Data for this exercise Block Start
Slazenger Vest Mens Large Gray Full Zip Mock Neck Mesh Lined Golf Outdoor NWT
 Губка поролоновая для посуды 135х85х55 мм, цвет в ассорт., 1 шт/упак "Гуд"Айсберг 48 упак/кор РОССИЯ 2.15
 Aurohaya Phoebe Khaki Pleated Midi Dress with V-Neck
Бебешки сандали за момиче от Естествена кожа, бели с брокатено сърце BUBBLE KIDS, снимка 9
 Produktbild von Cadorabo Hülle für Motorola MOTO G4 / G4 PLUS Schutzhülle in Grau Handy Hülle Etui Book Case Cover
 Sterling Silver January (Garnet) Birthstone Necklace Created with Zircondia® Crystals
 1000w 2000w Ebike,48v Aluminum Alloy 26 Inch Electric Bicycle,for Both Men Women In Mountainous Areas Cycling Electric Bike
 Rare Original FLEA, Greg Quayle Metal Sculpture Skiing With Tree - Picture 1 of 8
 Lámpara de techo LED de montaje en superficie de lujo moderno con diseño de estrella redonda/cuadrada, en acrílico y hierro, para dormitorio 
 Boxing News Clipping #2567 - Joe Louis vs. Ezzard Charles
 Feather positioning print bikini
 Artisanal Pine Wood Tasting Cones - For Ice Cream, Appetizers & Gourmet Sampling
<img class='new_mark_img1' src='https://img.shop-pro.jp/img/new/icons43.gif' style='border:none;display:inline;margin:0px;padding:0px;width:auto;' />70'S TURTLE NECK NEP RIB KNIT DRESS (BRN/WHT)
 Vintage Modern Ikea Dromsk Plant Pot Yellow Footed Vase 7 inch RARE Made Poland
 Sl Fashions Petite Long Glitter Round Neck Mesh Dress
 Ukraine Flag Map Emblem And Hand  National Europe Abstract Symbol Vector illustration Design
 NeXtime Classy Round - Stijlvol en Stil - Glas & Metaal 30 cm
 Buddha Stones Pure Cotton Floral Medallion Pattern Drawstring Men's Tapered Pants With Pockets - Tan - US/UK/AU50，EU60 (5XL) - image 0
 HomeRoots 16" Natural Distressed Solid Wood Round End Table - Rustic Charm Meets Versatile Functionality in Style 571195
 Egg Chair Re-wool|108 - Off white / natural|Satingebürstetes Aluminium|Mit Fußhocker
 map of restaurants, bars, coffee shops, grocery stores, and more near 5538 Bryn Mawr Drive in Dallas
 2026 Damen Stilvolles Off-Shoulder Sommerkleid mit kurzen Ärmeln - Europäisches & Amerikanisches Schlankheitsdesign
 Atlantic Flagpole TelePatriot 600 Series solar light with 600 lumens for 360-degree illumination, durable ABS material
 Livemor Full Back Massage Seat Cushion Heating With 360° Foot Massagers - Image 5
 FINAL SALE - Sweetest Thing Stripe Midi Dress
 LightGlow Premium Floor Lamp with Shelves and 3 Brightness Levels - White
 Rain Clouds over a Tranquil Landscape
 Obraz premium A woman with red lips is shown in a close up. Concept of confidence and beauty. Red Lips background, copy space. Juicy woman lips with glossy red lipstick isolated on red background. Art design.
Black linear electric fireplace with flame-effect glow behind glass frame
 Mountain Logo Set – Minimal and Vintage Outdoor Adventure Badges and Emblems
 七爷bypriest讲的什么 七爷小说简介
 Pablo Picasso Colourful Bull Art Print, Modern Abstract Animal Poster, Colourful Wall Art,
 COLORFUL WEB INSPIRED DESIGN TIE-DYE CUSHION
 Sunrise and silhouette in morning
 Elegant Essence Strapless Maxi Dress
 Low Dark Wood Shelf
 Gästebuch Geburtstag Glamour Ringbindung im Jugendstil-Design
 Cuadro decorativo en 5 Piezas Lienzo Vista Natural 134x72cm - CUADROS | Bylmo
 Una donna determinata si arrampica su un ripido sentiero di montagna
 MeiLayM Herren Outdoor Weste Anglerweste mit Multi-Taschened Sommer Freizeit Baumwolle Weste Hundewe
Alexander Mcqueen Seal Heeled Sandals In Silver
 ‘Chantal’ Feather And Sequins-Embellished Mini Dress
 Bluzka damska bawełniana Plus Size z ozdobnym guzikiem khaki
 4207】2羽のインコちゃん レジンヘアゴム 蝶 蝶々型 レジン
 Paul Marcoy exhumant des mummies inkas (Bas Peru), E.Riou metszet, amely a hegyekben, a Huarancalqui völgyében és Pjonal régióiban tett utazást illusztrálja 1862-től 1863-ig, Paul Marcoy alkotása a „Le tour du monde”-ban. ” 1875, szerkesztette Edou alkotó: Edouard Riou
Data for this exercise Block End
**Exercise objective:**
Copy each record exactly, leaving nothing out.

**Response area:**
Slazenger Vest Mens Large Gray Full Zip Mock Neck Mesh Lined Golf Outdoor NWT
 Губка поролоновая для посуды 135х85х55 мм, цвет в ассорт., 1 шт/упак "Гуд"Айсберг 48 упак/кор РОССИЯ 2.15
 Aurohaya Phoebe Khaki Pleated Midi Dress with V-Neck
Бебешки сандали за момиче от Естествена кожа, бели с брокатено сърце BUBBLE KIDS, снимка 9
 Produktbild von Cadorabo Hülle für Motorola MOTO G4 / G4 PLUS Schutzhülle in Grau Handy Hülle Etui Book Case Cover
 Sterling Silver January (Garnet) Birthstone Necklace Created with Zircondia® Crystals
 1000w 2000w Ebike,48v Aluminum Alloy 26 Inch Electric Bicycle,for Both Men Women In Mountainous Areas Cycling Electric Bike
 Rare Original FLEA, Greg Quayle Metal Sculpture Skiing With Tree - Picture 1 of 8
 Lámpara de techo LED de montaje en superficie de lujo moderno con diseño de estrella redonda/cuadrada, en acrílico y hierro, para dormitorio 
 Boxing News Clipping #2567 - Joe Louis vs. Ezzard Charles
 Feather positioning print bikini
 Artisanal Pine Wood Tasting Cones - For Ice Cream, Appetizers & Gourmet Sampling
<img class='new_mark_img1' src='https://img.shop-pro.jp/img/new/icons43.gif' style='border:none;display:inline;margin:0px;padding:0px;width:auto;' />70'S TURTLE NECK NEP RIB KNIT DRESS (BRN/WHT)
 Vintage Modern Ikea Dromsk Plant Pot Yellow Footed Vase 7 inch RARE Made Poland
 Sl Fashions Petite Long Glitter Round Neck Mesh Dress
 Ukraine Flag Map Emblem And Hand  National Europe Abstract Symbol Vector illustration Design
 NeXtime Classy Round - Stijlvol en Stil - Glas & Metaal 30 cm
 Buddha Stones Pure Cotton Floral Medallion Pattern Drawstring Men's Tapered Pants With Pockets - Tan - US/UK/AU50，EU60 (5XL) - image 0
 HomeRoots 16" Natural Distressed Solid Wood Round End Table - Rustic Charm Meets Versatile Functionality in Style 571195
 Egg Chair Re-wool|108 - Off white / natural|Satingebürstetes Aluminium|Mit Fußhocker
 map of restaurants, bars, coffee shops, grocery stores, and more near 5538 Bryn Mawr Drive in Dallas
 2026 Damen Stilvolles Off-Shoulder Sommerkleid mit kurzen Ärmeln - Europäisches & Amerikanisches Schlankheitsdesign
 Atlantic Flagpole TelePatriot 600 Series solar light with 600 lumens for 360-degree illumination, durable ABS material
 Livemor Full Back Massage Seat Cushion Heating With 360° Foot Massagers - Image 5
 FINAL SALE - Sweetest Thing Stripe Midi Dress
 LightGlow Premium Floor Lamp with Shelves and 3 Brightness Levels - White
 Rain Clouds over a Tranquil Landscape
 Obraz premium A woman with red lips is shown in a close up. Concept of confidence and beauty. Red Lips background, copy space. Juicy woman lips with glossy red lipstick isolated on red background. Art design.
Black linear electric fireplace with flame-effect glow behind glass frame
 Mountain Logo Set – Minimal and Vintage Outdoor Adventure Badges and Emblems
 七爷bypriest讲的什么 七爷小说简介
 Pablo Picasso Colourful Bull Art Print, Modern Abstract Animal Poster, Colourful Wall Art,
 COLORFUL WEB INSPIRED DESIGN TIE-DYE CUSHION
 Sunrise and silhouette in morning
 Elegant Essence Strapless Maxi Dress
 Low Dark Wood Shelf
 Gästebuch Geburtstag Glamour Ringbindung im Jugendstil-Design
 Cuadro decorativo en 5 Piezas Lienzo Vista Natural 134x72cm - CUADROS | Bylmo
 Una donna determinata si arrampica su un ripido sentiero di montagna
 MeiLayM Herren Outdoor Weste Anglerweste mit Multi-Taschened Sommer Freizeit Baumwolle Weste Hundewe
Alexander Mcqueen Seal Heeled Sandals In Silver
 ‘Chantal’ Feather And Sequins-Embellished Mini Dress
 Bluzka damska bawełniana Plus Size z ozdobnym guzikiem khaki
 4207】2羽のインコちゃん レジンヘアゴム 蝶 蝶々型 レジン
 Paul Marcoy exhumant des mummies inkas (Bas Peru), E.Riou metszet, amely a hegyekben, a Huarancalqui völgyében és Pjonal régióiban tett utazást illusztrálja 1862-től 1863-ig, Paul Marcoy alkotása a „Le tour du monde”-ban. ” 1875, szerkesztette Edou alkotó: Edouard Riou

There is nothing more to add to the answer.